Kompolnas: Polisi Pelaku Kekerasan Tak Cukup Disanksi Etik, Harus Pidana

Kompolnas: Polisi Pelaku Kekerasan Tak Cukup Disanksi Etik, Harus Pidana

JAKARTA, KOMPAS.com - Anggota Komisi Kepolisian Nasional (Kompolnas) Ghufron Mabruri, menyatakan bahwa polisi yang terlibat tindakan kekerasan tak cukup bila hanya diberi sanksi etik, tetapi juga harus mendapat sanksi pidana.

"Termasuk juga pelaku yang terlibat di dalam kekerasan tadi ada sanksi yang tentu saja tidak cukup hanya sekedar etiknya aja, tapi dugaan pidananya juga perlu diproses sesuai tindakannya," kata Ghufron dalam jumpa pers bersama Amnesty International Indonesia, Senin (9/12/2024).

"Saya kira itu salah satu upaya yang penting untuk didorong ke depan untuk memastikan ketidakberulangan (kekerasan oleh polisi) itu tadi," lanjut dia.

Ia menegaskan, setiap penggunaan kekuatan yang berlebihan dilakukan anggota kepolisian, termasuk dalam hal pemakaian senjata api, harus dituntaskan kasus per kasus.

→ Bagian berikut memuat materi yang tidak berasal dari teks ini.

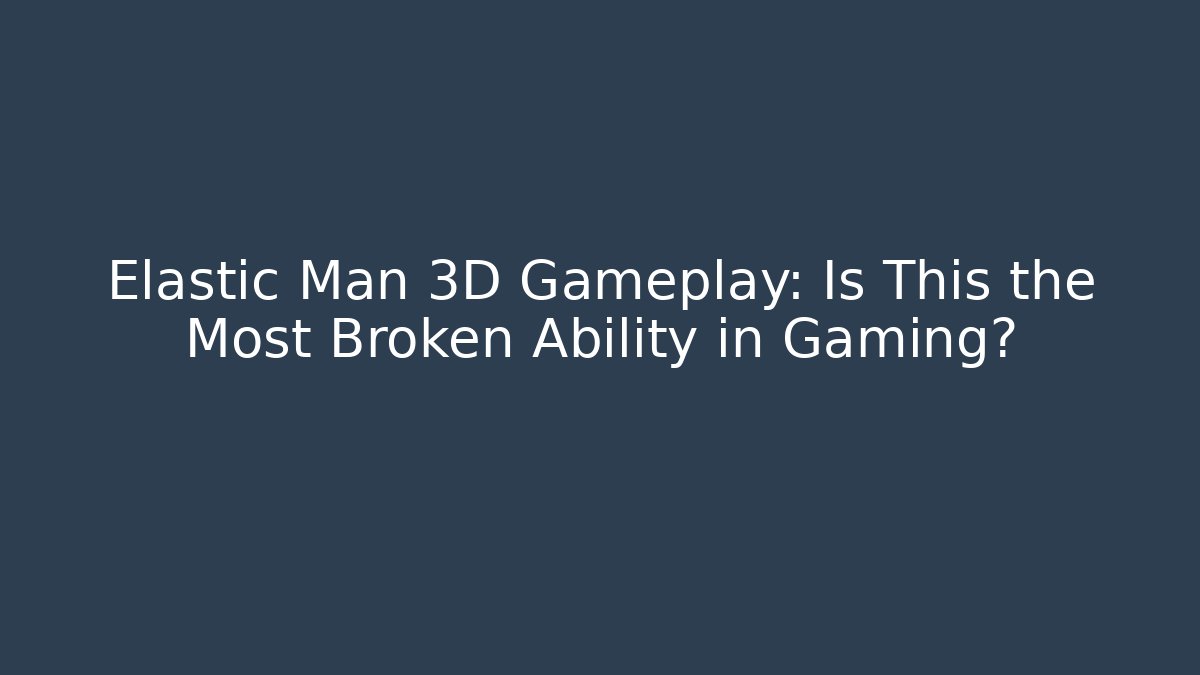 Elastic Man 3D Gameplay: Is This the Most Broken Ability in Gaming? - Vintage E-Juice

Anggota yang menjadi pelaku, lanjut Ghufron, harus dimintai pertanggungjawabannya.

Lebih dari itu, Ghufron menilai bahwa fenomena ini memerlukan evaluasi secara menyeluruh sejak tataran kebijakan.

Polisi yang memegang senjata juga perlu diberikan pengetahuan dan keterampilan serta psikotes secara berkala.

Ghufron mengakui, masih ada pekerjaan rumah untuk memastikan mekanisme kontrol, pengawasan, dan akuntabilitas penggunaan kekuatan berlebih oleh Polri, termasuk dalam hal senjata api.

"Tidak hanya internal tapi juga pengawasan eksternal bisa masuk ke dalam memastikan prosesnya benar-benar dijalankan sesuai dengan prinsip-prinsip yang ada, dan memastikan itu transparan," tegas dia.

Secara umum, hasil pemantauan Amnesty International Indonesia pada kurun Januari-November 2024, ditemukan 116 kasus kekerasan melibatkan polisi dengan 29 di antaranya merupakan pembunuhan di luar hukum serta 26 lainnya berupa penyiksaan dan tindakan kejam.

Polisi, menurut pemantauan Amnesty sepanjang 2024, juga terlibat dalam 28 kasus intimidasi dan kekerasan fisik, 21 penangkapan sewenang-wenang, 7 penggunaan gas air mata tak sesuai prosedur, 3 penahanan inkominikado, 1 penghilangan sementara, dan 1 pembubaran diskusi.

Direktur Eksekutif Amnesty International Indonesia, Usman Hamid, beranggapan bahwa kasus kekerasan oleh kepolisian ini terus berulang karena terjadi pemakluman selama bertahun-tahun.

Ia menegaskan, angka-angka ini menunjukkan bahwa semua tindakan kekerasan ini bukan berasal dari tindakan oknum polisi yang berbuat menyimpang, tetapi memang mencerminkan pola kebijakan represif Korps Bhayangkara.

"Kekerasan polisi ini terus berulang karena tidak pernah ada evaluasi yang menyeluruh, terlebih di level pengambil kebijakan, di level komando," jelas Usman.

"Jadi tindakan-tindakan yang jelas-jelas menyalahi kode etik penegak hukum, menyalahi pedoman-pedoman dasar penggunaan kekuatan yang berlebih, itu justru dibenarkan," tambah dia.